Need some help, because I can't find any solution for my problems with DBD::Oracle.
So at first, this is the current situation:
We are running Apache2 with mod_perl 2.0.4 at our company
Apache web server was set up with a startup script which is setting some environment variables (LD_LIBRARY_PATH, ORACLE_HOME, NLS_LANG)
In httpd.conf there are also environment variables for LD_LIBRARY_PATH and ORACLE_HOME (via SetEnv)
We are generally using the perl module DBI with driver DBD::Oracle to connect to our main database
Before we create a new instance of DBI we are setting some perl env variables, too (%ENV). We are setting ORACLE_HOME and NLS_LANG.
So far, this works fine. But now we are extending our system and need to connect to a remote database. Again, we are using DBI and DBD::Oracle. But for now there are some new conditions:
New connection must run in parallel to the existing one
TNSNAMES.ORA for the new connection is placed at a different location (not at $ORACLE_HOME.'/network/admin')
New database contents are provided by stored procedures, which we are fetching with DBD::Oracle and cursors (like explained here: https://metacpan.org/pod/DBD::Oracle#Binding-Cursors)
The stored procedures are returning object types and collection types, containing attributes of oracle type DATE
To get these dates in a readable format, we set a new env variable $ENV{NLS_DATE_FORMAT}
To ensure the date format we additionally alter the session by alter session set nls_date_format ...
Okay, this works fine, too. But only if we make a new connection on the console. New TNS location is found by the script, connection could be established and fetching data from the procedures by cursor is also working. Alle DATE types are formatted as specified.

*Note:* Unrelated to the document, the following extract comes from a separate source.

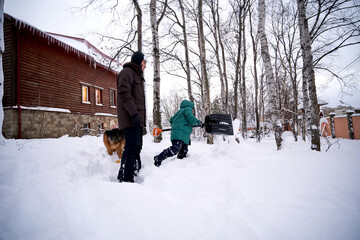 A family builds a slide in the yard in winter.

Now, if we try to make this connection at apache environment, it fails. At first the datasource name could not resolved by DBI/DBD::Oracle. I think this is because of our new TNSNAMES.ORA file or rather the location is not found by DBI/DBD::Oracle in Apache context (published by $ENV{TNS_ADMIN}). But I don't know why???
The second problem is (if I create a dirty workaround for our first one) that the date format, published by $ENV{NLS_DATE_FORMAT} is only working on first level of our cursor select.
BEGIN OPEN :cursor FOR SELECT * FROM TABLE(stored_procedure) END;
The example above returns collection types of object which are containing date attributes. In Apache context the format published by NLS_DATE_FORMAT is not recognized. If I use a simple form of the example like this
BEGIN OPEN :cursor FOR SELECT SYSDATE FROM TABLE(stored_procedure) END;
the result (a single date field) is formatted well. So I think subordinated structures were not formatted because $ENV{NLS_DATE_FORMAT} works only in console context and not in Apache context, too.
So there must be a problem with the perl environment variables (%ENV) running under Apache and mod_perl. Maybe a problem of mod_perl?
I am at my wit's end. Maybe anyone in the whole wide world has a solution ... and excuse my english :-) If you need some further explanations, I will try to define it more precisely.
If your problem is that changes to %ENV made while processing a request don't seem to be honoured, this is because mod_perl assumes you might be running multiple threads and doesn't actually change the process environment when you change %ENV, so external libraries (like the oracle client) or child processes don't see the change.
You can work around it by first using the prefork MPM, so there aren't any threading issues, and then making changes to the environment using Env::C instead of the %ENV hash.